The jury acquitted him of the bombings, but convicted him of conspiring to commit extortion and of using threats to extort money from a man who bought several Chicago bookstores from Sturman when Sturman began liquidating his holdings several years ago.
Sturman was handed a 19-year prison sentence.
Sturman’s personal life began to unravel. He divorced Delgado to keep her out of harm’s way with the government. Now she’s facing 21 months in prison after being convicted of jury tampering. The government said she planned to offer a juror deliberating Sturman’s fate in his tax case either sex or money to obtain a hung jury.
Sturman admits he talked Delgado into meeting with the juror.
“If I have a chance to get out of this, we’ve got to do it,” he said at the time. “I begged and pleaded with her.”
Sturman says the two met, but Delgado never made an offer.
As with so much else about Sturman’s rags-to-riches-to-rags story, its conclusion is filled with bitter irony. Most people in the industry he helped create have abandoned him.
“These people used to lick his boots to spend time with him,” says Nancy Pera, who once worked for Sturman. “Now they won’t even write him.”
Still, he is unrepentant. “I had a wonderful life. If I die tomorrow I’m going to die with a smile on my lips.”
Assistant U. S. Atty. Steve Jigger doesn’t think Sturman has anything to be proud of. “Any legacy is certainly not a positive one. I don’t see him as a crusader. Reuben Sturman was in it for the money and he made a lot of it. And he didn’t pay his fair share of taxes.”
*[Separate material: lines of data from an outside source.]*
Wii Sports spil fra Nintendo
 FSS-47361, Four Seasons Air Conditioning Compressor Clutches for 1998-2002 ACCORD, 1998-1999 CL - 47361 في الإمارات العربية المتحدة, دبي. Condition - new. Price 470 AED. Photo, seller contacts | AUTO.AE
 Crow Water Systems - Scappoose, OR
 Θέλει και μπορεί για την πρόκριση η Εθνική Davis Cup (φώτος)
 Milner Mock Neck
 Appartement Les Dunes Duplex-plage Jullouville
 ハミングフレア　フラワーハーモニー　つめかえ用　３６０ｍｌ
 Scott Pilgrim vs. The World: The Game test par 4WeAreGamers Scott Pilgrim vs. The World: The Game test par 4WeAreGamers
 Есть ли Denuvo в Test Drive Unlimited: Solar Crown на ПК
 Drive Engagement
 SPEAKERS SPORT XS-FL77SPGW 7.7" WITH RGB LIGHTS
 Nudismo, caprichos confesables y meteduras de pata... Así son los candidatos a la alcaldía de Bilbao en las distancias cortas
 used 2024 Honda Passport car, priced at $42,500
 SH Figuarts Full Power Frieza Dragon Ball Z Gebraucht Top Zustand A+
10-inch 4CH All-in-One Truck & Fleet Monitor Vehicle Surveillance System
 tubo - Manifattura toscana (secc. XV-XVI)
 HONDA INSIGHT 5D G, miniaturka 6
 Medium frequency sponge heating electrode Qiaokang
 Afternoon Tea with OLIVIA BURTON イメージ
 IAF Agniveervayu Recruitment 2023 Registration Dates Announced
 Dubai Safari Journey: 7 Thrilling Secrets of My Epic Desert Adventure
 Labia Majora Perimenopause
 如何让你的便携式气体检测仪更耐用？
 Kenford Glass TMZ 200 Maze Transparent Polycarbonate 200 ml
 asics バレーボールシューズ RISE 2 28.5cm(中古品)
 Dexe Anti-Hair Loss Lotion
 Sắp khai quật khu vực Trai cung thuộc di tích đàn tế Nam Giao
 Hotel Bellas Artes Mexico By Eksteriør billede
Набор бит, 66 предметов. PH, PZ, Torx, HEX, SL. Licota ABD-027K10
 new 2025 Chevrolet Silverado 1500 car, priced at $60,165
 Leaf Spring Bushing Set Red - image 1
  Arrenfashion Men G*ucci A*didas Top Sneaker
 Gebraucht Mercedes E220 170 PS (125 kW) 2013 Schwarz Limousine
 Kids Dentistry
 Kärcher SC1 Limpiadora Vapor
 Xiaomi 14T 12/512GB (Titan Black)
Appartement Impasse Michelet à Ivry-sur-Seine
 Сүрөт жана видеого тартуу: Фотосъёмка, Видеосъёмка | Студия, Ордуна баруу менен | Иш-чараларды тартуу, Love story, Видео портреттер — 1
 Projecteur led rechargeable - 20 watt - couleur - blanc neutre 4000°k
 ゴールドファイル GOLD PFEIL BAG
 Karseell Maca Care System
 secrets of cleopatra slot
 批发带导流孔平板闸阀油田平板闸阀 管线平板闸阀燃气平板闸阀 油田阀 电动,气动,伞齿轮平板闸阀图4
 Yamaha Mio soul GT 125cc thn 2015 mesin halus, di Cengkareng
After 18 years, Rossfelder is still following Sturman’s money trail. Just in the past few weeks, he has helped convict one of Sturman’s attorneys of helping to hide money.
In prison, Sturman exercises regularly and has no complaints about the food, even though the menu tends more toward hot dogs and hamburgers than coquilles St. Jacques.
“I ate in the finest restaurants in the world. So what?” he shrugs. “Now I’m here.”